Task data:
= = = =

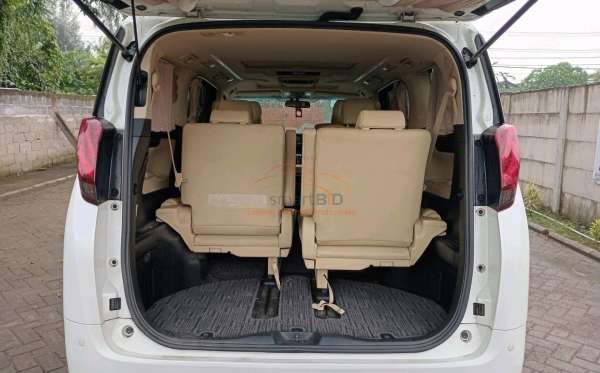 TOYOTA ALPHARD 2.5 G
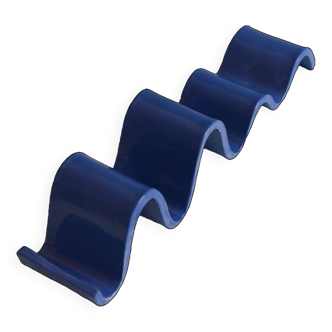 Cobalt blue wave pocket emptier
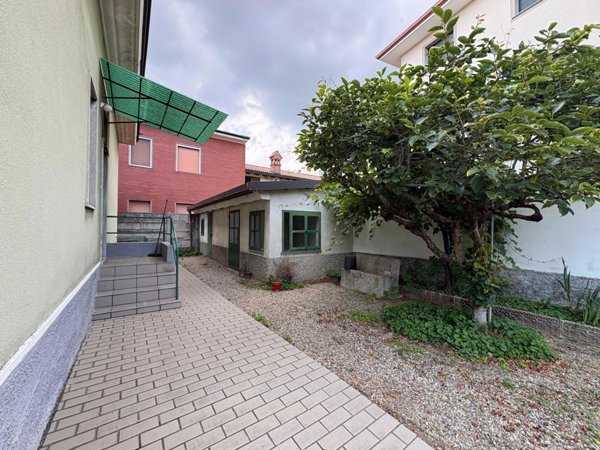 casa indipendente in vendita a Magenta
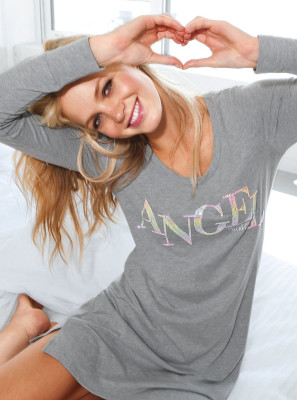 Erin Heatherton pic #425043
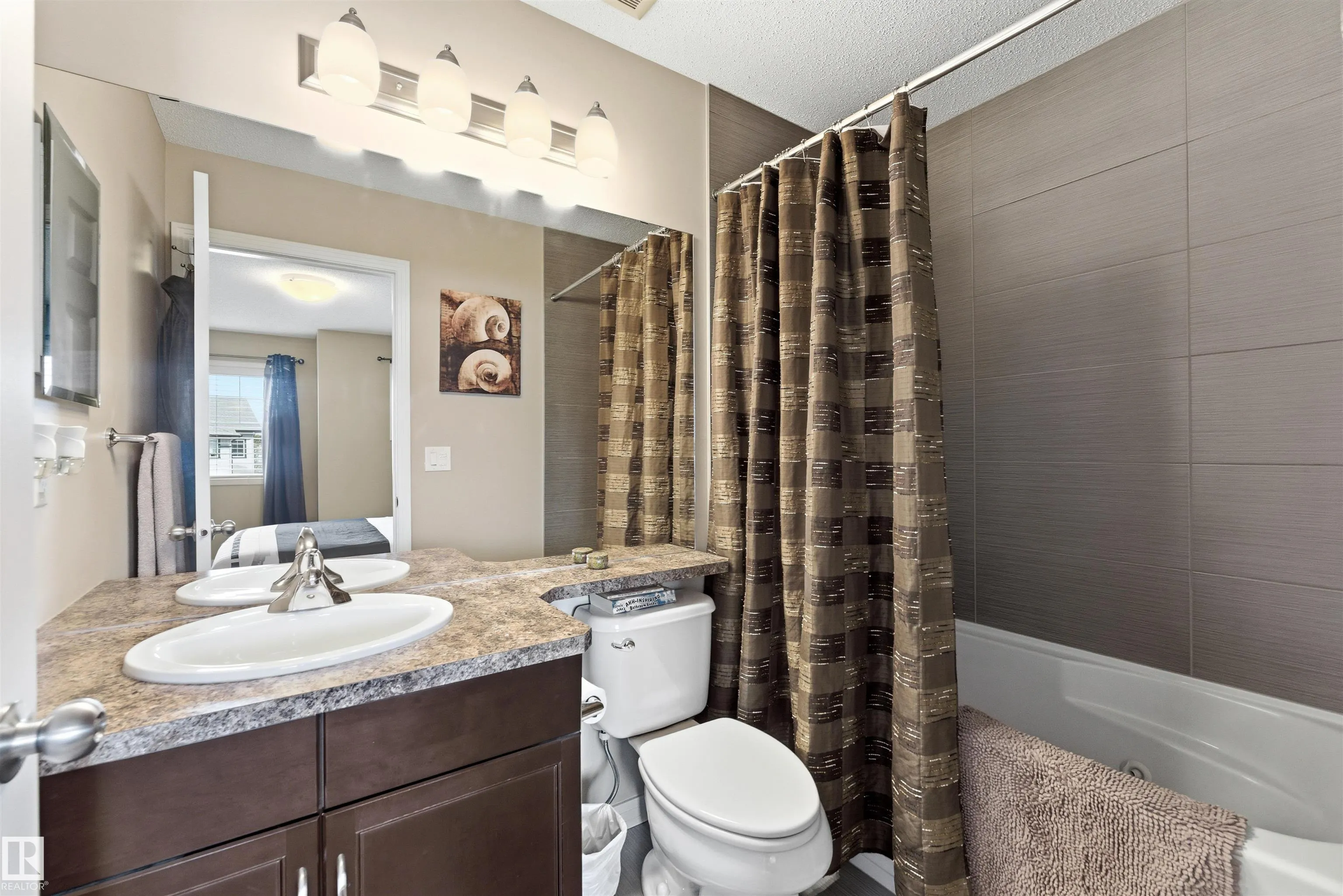 3039 Harvey CR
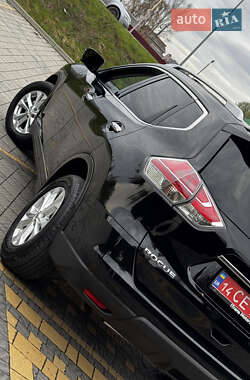 Внедорожник / Кроссовер Nissan Rogue 2013 в 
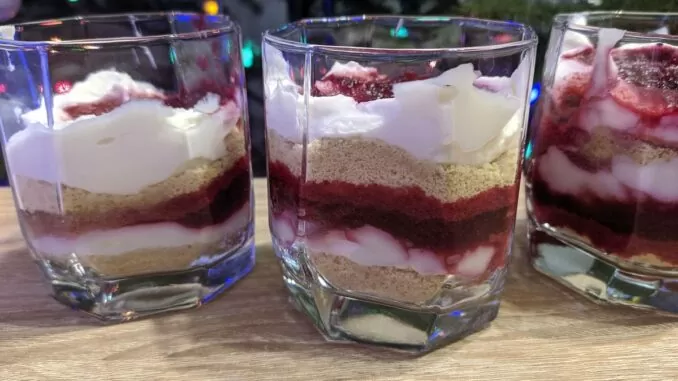 десерт творожный в стакане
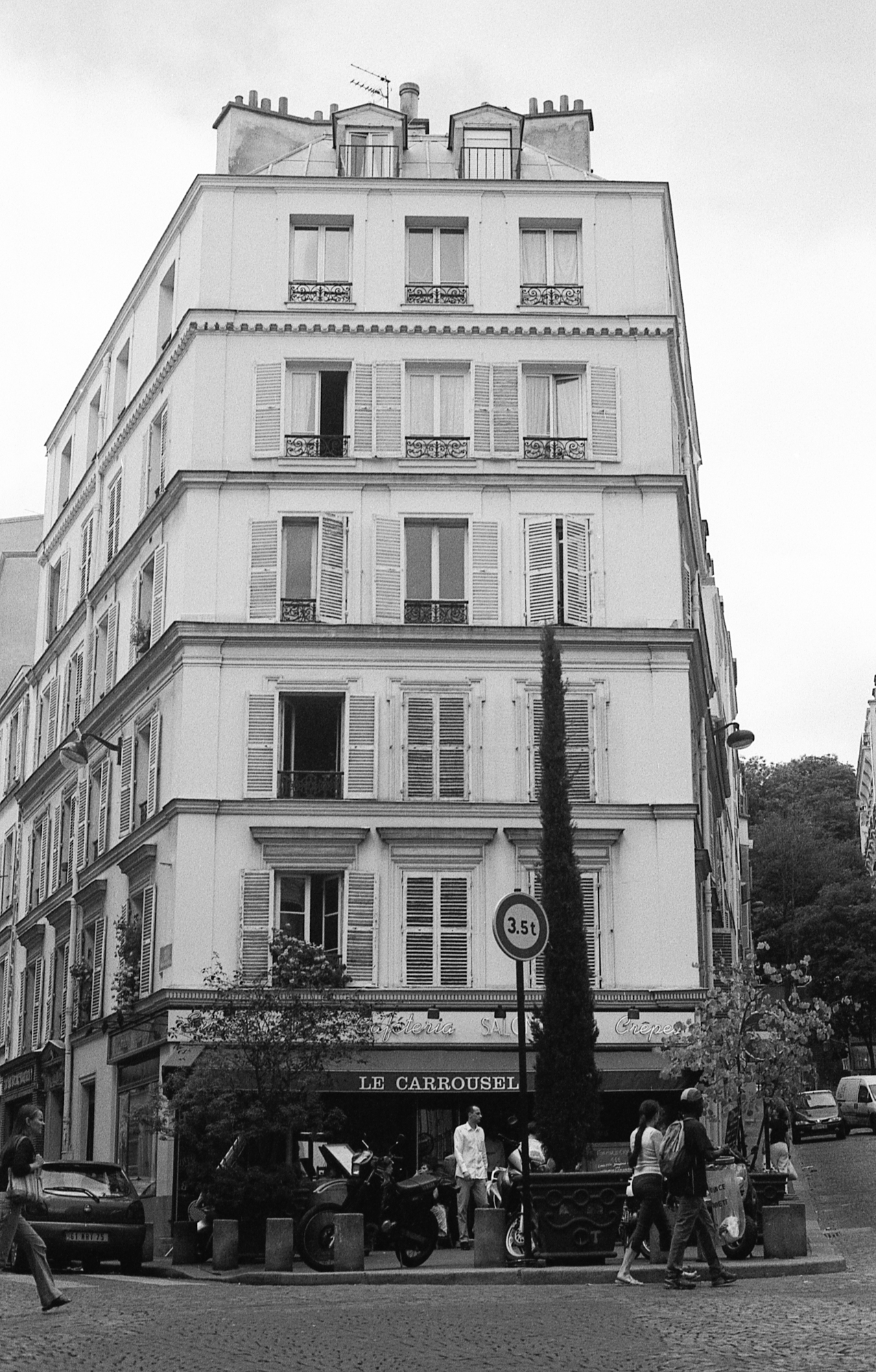 Paris = old (16 of 21).jpg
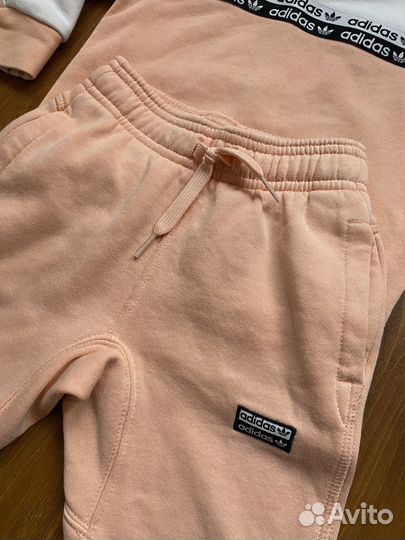 Спортивный костюм adidas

= = = =

Action item: We ask that the entries above be copied exactly, with the pictures omitted.

Completed task:
 TOYOTA ALPHARD 2.5 G
 Cobalt blue wave pocket emptier
 casa indipendente in vendita a Magenta
 Erin Heatherton pic #425043
 3039 Harvey CR
 Внедорожник / Кроссовер Nissan Rogue 2013 в 
 десерт творожный в стакане
 Paris = old (16 of 21).jpg
 Спортивный костюм adidas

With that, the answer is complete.